One of the most enduring aspects of surrealist director Quentin Dupieux is how loyal he has been to the “no reason” mantra that he stated in Rubber. The sense is that things make no sense, and that is what sets his films apart. Despite having narrative structure, the rest of the content is pure chaos and challenges cinema with comedic weirdness. It may not always work, but ambitions sometimes trump quality in his films in ways that seem admirable. He makes the stories that he wants to, including his latest: a spin-off from the enjoyable Wrong called Wrong Cops. It may be his most grounded in realism, but it is also his most problematic.
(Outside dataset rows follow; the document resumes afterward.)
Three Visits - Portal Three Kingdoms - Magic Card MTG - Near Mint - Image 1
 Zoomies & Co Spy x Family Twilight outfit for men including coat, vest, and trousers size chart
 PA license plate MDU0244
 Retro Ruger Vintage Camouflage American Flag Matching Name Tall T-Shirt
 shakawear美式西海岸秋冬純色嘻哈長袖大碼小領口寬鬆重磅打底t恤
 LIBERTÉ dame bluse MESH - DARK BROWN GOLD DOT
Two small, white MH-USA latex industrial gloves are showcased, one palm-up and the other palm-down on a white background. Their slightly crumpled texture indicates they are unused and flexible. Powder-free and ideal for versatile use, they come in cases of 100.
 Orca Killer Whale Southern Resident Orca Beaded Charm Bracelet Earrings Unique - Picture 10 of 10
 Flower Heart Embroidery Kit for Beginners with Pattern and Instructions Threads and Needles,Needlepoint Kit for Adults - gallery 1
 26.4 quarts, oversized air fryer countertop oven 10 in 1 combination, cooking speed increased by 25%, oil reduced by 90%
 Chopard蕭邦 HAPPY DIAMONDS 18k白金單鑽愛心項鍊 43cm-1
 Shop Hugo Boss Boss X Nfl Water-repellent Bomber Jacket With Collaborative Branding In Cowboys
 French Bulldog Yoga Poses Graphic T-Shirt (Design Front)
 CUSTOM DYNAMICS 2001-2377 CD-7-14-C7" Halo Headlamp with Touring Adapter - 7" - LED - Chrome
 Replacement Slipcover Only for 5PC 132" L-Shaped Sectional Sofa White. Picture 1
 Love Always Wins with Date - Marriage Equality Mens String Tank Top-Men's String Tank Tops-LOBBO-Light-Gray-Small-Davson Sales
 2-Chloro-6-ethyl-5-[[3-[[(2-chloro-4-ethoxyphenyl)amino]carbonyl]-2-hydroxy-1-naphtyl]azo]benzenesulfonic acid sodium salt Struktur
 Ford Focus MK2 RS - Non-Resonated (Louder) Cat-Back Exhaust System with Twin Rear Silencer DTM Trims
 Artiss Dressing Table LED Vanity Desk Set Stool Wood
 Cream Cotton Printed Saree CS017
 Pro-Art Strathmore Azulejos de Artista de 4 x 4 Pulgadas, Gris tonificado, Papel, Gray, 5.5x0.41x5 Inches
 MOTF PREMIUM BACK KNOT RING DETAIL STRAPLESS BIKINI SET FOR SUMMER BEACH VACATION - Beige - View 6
As a whole, the film feels like Dupieux’s version of the Police Academy franchise by way of Training Day. The film features a crew of corrupt police officers as they deal with absurd situations. The most notable is a dying man who an officer passes onto various coworkers and gives the story a sense of unity. Much like Police Academy, the merit comes in the gimmicky performances. Unlike Police Academy, there isn’t a moral anchor to make this feel like a legitimate police department. Everyone is insane and it makes the believability somewhat frayed, notably as there isn’t any back story to justify its shadiness. They just happen to be that way.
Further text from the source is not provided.